Once I was so bored I got this joke and made it better, I think. Recited with the right timing, it may be a good one to tell at certain parties I won’t mention here:
In the 1950s there was a woman who was going to marry her fiance. As was appropriate for that time, she was a virgin. She knew enough, though, to have heard somewhere that her first time would be expected to employ some amount of pain.
Fortunately she enjoyed better rapport with her mother than some people have nowadays, and so she asked her for some advice. Her mother consoled her and gave her advice, but the bride-to-be was very nervous. Her mother eventually proposed a plan for her.
“Listen, if you feel painful, you can moo like a cow, no one here need to know it’s you. I will know, though, and I will come and check out if you’re all right. Your husband can wait until next night. But if you feel all right, just sing and I will know you’ll have a good night.” Finally, the daughter agrees to the plan.
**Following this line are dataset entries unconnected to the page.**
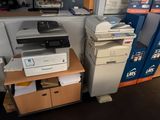 une imprimante posée sur un bureau, à côté d'une pile de cartons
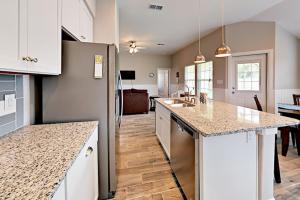 a kitchen with a refrigerator and a counter top at Simply Relax in Rockport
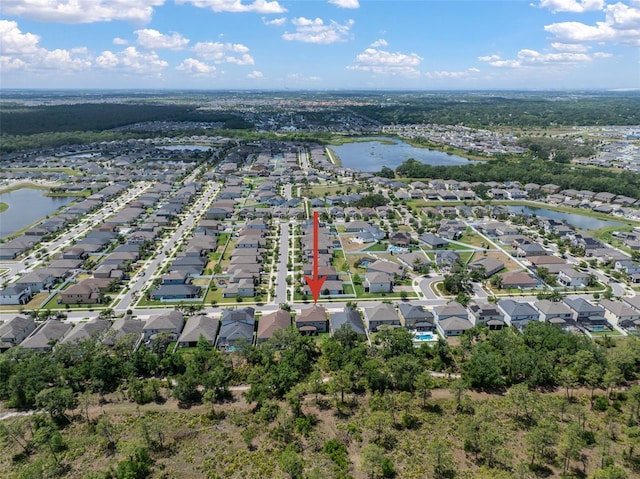 aerial overview of property's location featuring nearby suburban area and a nearby body of water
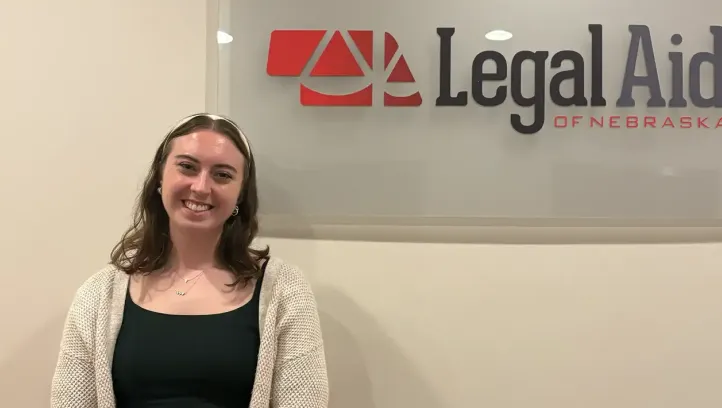 Sarah Crowley standing near Legal Aid of Nebraska sign.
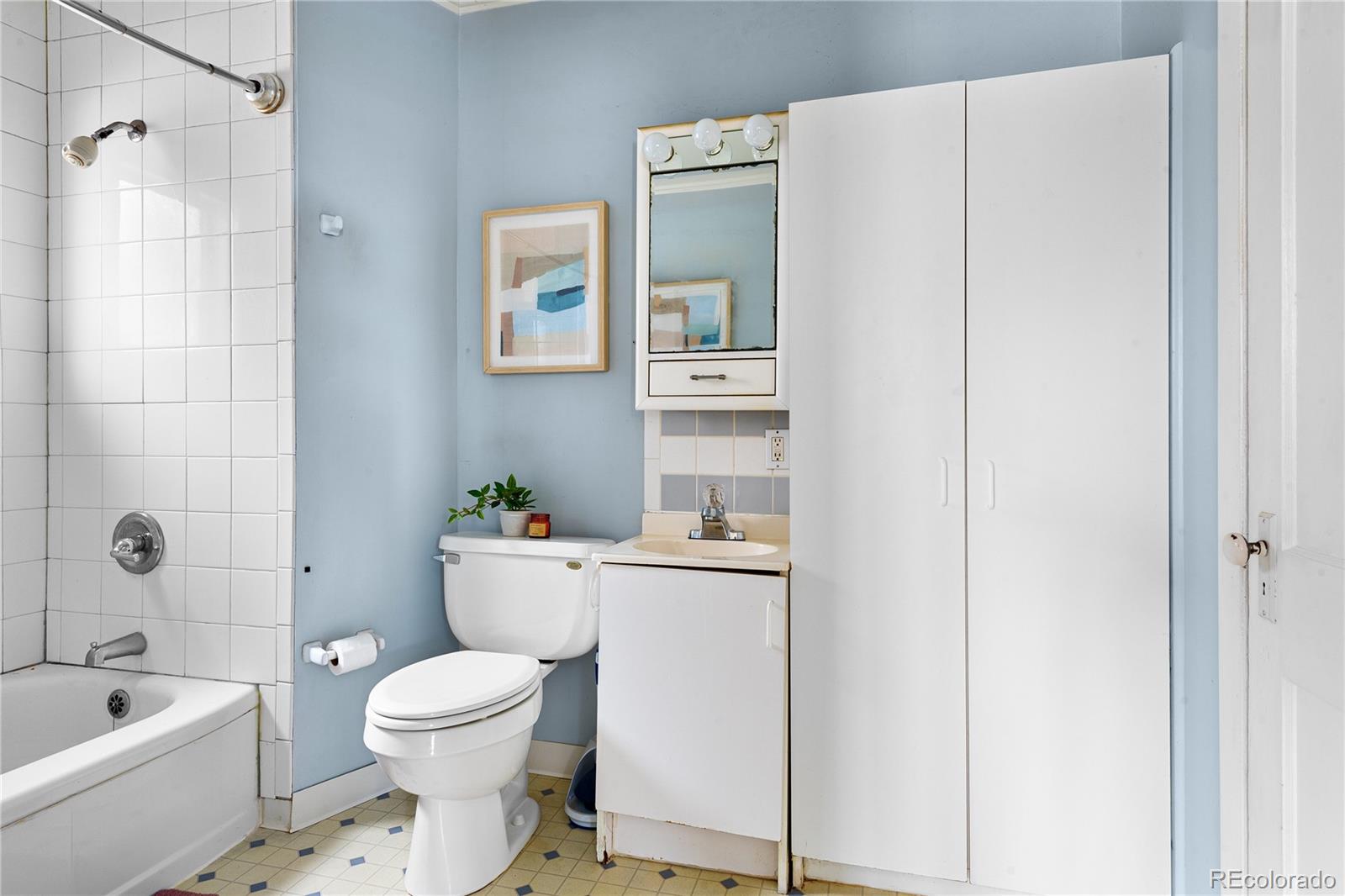 4151 Zenobia Street Denver, CO 80212 - Photo 19 of 31 a bathroom with a toilet and a bathtub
Wedding night. The reception goes by so fast. Guests come and go. The food, the priest, the takeaway food have been dealt with. The couple retire to their bed upstairs. The mother of the bride quite forgot what she was supposed to do, and went to sleep at the room downstairs.
The mother hardly stirred. Cows are common indeed here.
She sat up tiredly, pulled up her robe and felt for her glasses.
With a start she suddenly remembered her duty. She tiptoed to the door to avoid waking up the bride’s father.
“Moo! Moo! Moo!”
A desperate cry for help indeed! The mother put on her left slipper, forgot the other, and rushed up the stairs.
The sounds in the upstairs bedroom take on a rhythm not unlike a police or ambulance siren. The mother reached the door and prepared to knock.
But the room was silent. The mother turned her back to return to her bed when she heard another sound, “Mooooooo—” She raised her hand, knuckles facing the wood and the fist ready to swing on her wrist,
“—oon river! wider than a mile, I’m crossing you in style…”
She smiled and returned to bed.
It is not funny in a very vulgar way, but I think I can tell this version over coffee with polite conversation.